- Born: 1938
- Died: 2025 (aged 86–87)
- Education: Oxford University
- Occupations: Literary translator and editor
- Spouse: Branka Magas
- Children: Marko Attila Hoare
- Awards: John Florio Prize; Scott Moncrieff Prize; Schlegel-Tieck Prize

= Quintin Hoare =

British translator

Quintin Hoare (1938–2025) was a British leftist intellectual and literary translator from languages including Italian, French, German, Russian and Bosnian.

After studying Modern Languages at Oxford University, in 1962 Hoare joined the editorial board of New Left Review, serving as its managing editor from 1963 to 1979. He and his wife, the Croatian historian Branka Magas, eventually resigned in 1993. Hoare was a founding editor of the journal Labour Focus on Eastern Europe, a founding member in 1993 of the Alliance to Defend Bosnia-Herzegovina, and in 1997 became director of the Bosnian Institute.

Hoare edited the Pelican Marx Library, which ran to eight volumes.
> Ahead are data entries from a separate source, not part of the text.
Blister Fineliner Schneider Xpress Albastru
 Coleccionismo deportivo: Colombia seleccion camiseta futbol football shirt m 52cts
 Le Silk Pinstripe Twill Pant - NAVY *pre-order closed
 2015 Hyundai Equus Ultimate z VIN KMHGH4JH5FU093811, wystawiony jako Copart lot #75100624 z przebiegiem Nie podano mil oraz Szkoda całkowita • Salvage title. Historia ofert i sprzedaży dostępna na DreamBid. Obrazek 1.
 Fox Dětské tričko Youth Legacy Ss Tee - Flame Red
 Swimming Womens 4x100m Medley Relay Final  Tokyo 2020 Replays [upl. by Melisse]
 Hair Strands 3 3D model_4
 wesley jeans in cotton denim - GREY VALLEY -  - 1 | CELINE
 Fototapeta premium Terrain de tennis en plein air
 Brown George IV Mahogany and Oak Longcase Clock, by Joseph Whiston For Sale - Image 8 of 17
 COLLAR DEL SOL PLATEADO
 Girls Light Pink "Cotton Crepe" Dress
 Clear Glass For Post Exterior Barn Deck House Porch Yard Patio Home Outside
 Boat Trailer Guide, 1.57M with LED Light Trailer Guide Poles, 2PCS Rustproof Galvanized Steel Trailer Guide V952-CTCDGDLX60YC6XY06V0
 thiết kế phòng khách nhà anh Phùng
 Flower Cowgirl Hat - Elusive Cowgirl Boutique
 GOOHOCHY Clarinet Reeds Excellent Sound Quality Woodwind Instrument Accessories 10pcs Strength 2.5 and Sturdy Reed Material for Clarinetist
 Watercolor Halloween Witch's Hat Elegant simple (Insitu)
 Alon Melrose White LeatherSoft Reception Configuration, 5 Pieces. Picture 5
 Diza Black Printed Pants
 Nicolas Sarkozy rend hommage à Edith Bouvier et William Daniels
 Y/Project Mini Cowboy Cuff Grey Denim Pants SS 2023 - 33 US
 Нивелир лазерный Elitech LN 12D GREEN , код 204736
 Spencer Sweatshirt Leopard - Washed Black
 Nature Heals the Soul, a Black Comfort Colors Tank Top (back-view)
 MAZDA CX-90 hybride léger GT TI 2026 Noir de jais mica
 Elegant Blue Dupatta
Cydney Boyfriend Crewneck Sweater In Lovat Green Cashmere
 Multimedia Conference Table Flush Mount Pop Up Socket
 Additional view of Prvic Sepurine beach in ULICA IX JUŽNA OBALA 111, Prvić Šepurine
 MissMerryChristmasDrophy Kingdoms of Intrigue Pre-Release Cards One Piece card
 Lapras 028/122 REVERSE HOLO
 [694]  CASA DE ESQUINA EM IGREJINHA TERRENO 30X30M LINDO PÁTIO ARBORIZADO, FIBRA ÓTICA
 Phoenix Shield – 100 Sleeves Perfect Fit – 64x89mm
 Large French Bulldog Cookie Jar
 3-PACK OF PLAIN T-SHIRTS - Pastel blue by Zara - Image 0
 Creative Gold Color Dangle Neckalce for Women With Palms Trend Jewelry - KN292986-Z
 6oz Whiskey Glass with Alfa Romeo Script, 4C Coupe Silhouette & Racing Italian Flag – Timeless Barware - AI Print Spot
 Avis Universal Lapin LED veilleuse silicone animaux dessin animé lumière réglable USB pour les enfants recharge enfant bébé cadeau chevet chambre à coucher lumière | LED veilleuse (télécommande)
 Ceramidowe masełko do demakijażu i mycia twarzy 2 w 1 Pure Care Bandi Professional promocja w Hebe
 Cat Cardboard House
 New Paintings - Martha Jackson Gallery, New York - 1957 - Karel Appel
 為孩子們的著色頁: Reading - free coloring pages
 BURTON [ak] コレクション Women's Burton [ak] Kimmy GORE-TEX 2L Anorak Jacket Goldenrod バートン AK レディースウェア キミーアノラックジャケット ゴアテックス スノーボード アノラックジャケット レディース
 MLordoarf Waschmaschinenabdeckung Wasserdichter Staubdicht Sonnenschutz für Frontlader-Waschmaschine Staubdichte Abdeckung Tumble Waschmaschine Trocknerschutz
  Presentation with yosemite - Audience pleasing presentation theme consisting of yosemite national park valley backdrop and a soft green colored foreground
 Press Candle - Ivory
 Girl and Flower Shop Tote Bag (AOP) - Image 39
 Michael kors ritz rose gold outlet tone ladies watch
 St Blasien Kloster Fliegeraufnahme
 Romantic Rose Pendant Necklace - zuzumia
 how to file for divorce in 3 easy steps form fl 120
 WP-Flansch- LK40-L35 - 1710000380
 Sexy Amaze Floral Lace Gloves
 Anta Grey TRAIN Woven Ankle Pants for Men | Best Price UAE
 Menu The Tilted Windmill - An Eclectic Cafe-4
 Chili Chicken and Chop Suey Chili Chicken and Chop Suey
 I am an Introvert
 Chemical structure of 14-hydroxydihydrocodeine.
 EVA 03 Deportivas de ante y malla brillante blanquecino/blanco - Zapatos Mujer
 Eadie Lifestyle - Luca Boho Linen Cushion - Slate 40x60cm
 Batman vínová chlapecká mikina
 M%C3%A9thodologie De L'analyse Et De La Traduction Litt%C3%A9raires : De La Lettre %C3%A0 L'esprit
As a translator, he worked in several languages, winning major awards for his translations from Italian, French and German: the John Florio Prize in 1978/9 for Antonio Gramsci's Selections from Political Writings 1921–26, the Scott Moncrieff Prize in 1984 for Sartre's War Diaries, and the Schlegel-Tieck Prize in 1989 for Hermann Grab's short stories.

Hoare's son is the historian Marko Attila Hoare.